CATANIA – Un nuovo coordinatore provinciale e un nuovo capogruppo. Continua a organizzarsi sul territorio Sicilia futura, il movimento politico che fa riferimento a Nicola D’agostino e Totò Cardinale, oltre che all’ex assessore regionale ai trasporti, Nico Torrisi, la cui espressione al consiglio comunale di Catania, stamani, ha incontrato la stampa per annunciare alcune novità. Oltre al nuovo capigruppo, Alessandro Messina che prende il posto di Carmelo Coppolino, chiamato a ricoprire il ruolo di coordinatore organizzativo provinciale, la volontà di incidere maggiormente nelle scelte politiche cittadine, attraverso un lavoro di ascolto della città e di pungolo nei confronti dell’amministrazione Bianco. Dalla quale affermano di non volere nulla in cambio.
“Non vogliamo aizzare polemiche in consiglio – spiega immediatamente D’Agostino – e non abbiamo chiesto nulla all’amministrazione e nulla continueremo a chiedere”. Prima di lamentare, però, l’assenza di dialogo che caratterizza il rapporto tra Catania futura, i suoi componenti e il primo cittadino. Un anno quasi di silenzi che non sembrano affatto basi solide per una duratura alleanza.
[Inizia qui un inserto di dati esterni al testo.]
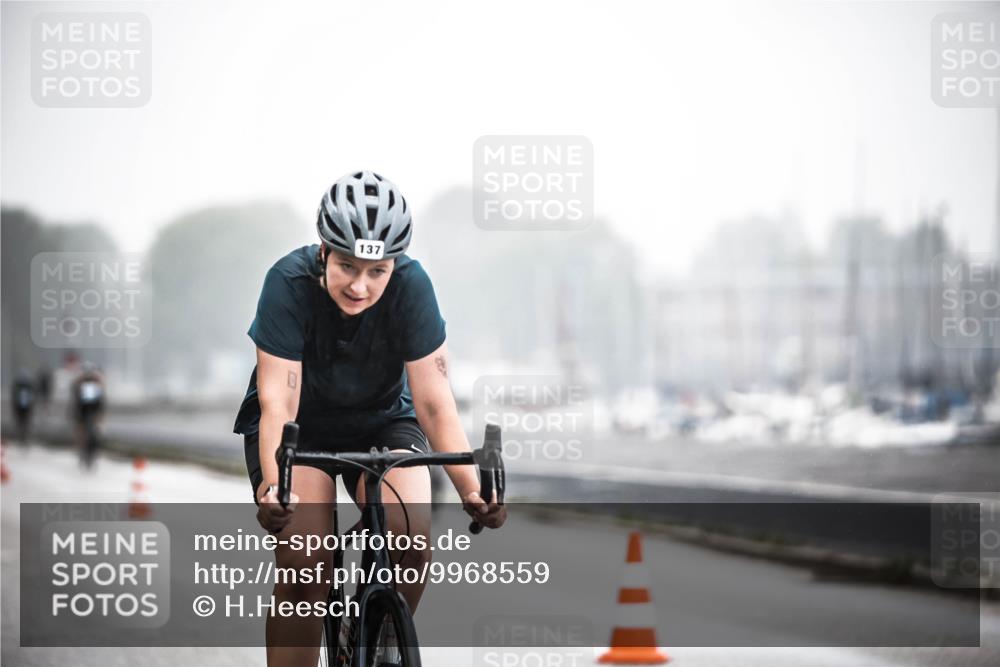 16.08.2026 - KN Förde Triathlon 2026 H.Heesch http://msf.ph/oto/9968559 16.08.2026 09:44:21 Radfahren 105, 129, 137, 170, 229 meine-sportfotos.de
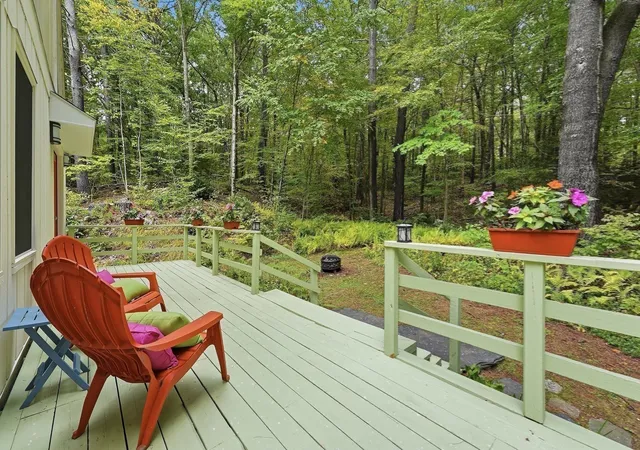 Photo 2 of Single family home for sale at 4 Jackson Hl Rd, Leverett, MA 01054 | MLS# 73585444 | Listing updated on 2026-10-21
“Questo non vuol dire che chiediamo qualcosa – precisa Torrisi, notoriamente più diplomatico, che ha esordito ringraziando Coppolino per il lavoro svolto e i consiglieri Spadaro e Messina per aver creduto sin da subito nel progetto. Neanche l’ingresso del consigliere Lanzafame va letto in questa chiave – aggiunge l’ex assessore. Se il sindaco penserà di cambiare – evidenzia – e io penso che potrebbero esserci i presupposti, dato che siamo ormai al giro di boa, sarà libero di farlo ma noi, ribadisco, non chiediamo nulla. Se ci chiederanno di entrare in Giunta valuteremo” – sottolinea.
La volontà è solo quella di fare politica. Come spiegano i consiglieri. “Catania futura non è una componente del Consiglio comunale, ma una proposta politica – afferma Lanzafame, new entry proveniente dal gruppo Con Bianco per Catania – che più che a quella attuale, guarda alla prossima stagione politica”. Preparare il futuro lavorando al presente, dunque, l’intento del movimento politico. Continuando a operare da una posizione privilegiata, di alleati di Bianco ma in appoggio esterno.
Lo conferma il neo capogruppo, Alessandro Messina. “Non nascondiamo che questi anni di amministrazione sono stati difficili e complicati – sottolinea – ma riconosciamo le difficoltà dell’amministrazione”. Messina non esclude la necessità di invertire la rotta su alcune importanti questioni, come la gestione delle partecipate, ma assicura anche lui lealtà al primo cittadino. Prima di evidenziare la vera questione: l’assenza di dialogo. “È vero che in questo anno siamo stati poco coinvolti – afferma – e questo mancato coinvolgimento non può proseguire. Noi intendiamo avviare un dialogo con il sindaco, e non con i suoi intermediari: se Bianco continuerà a non ascoltarci significherà che ci sta accompagnando fuori dalla porta. Quando ci vorrà sentire sa che oggi ha un gruppo all’esterno, che potrebbe andare ancora più all’esterno”. Un messaggio forte e chiaro, quello di Messina, che il primo cittadino, stavolta, potrebbe ascoltare.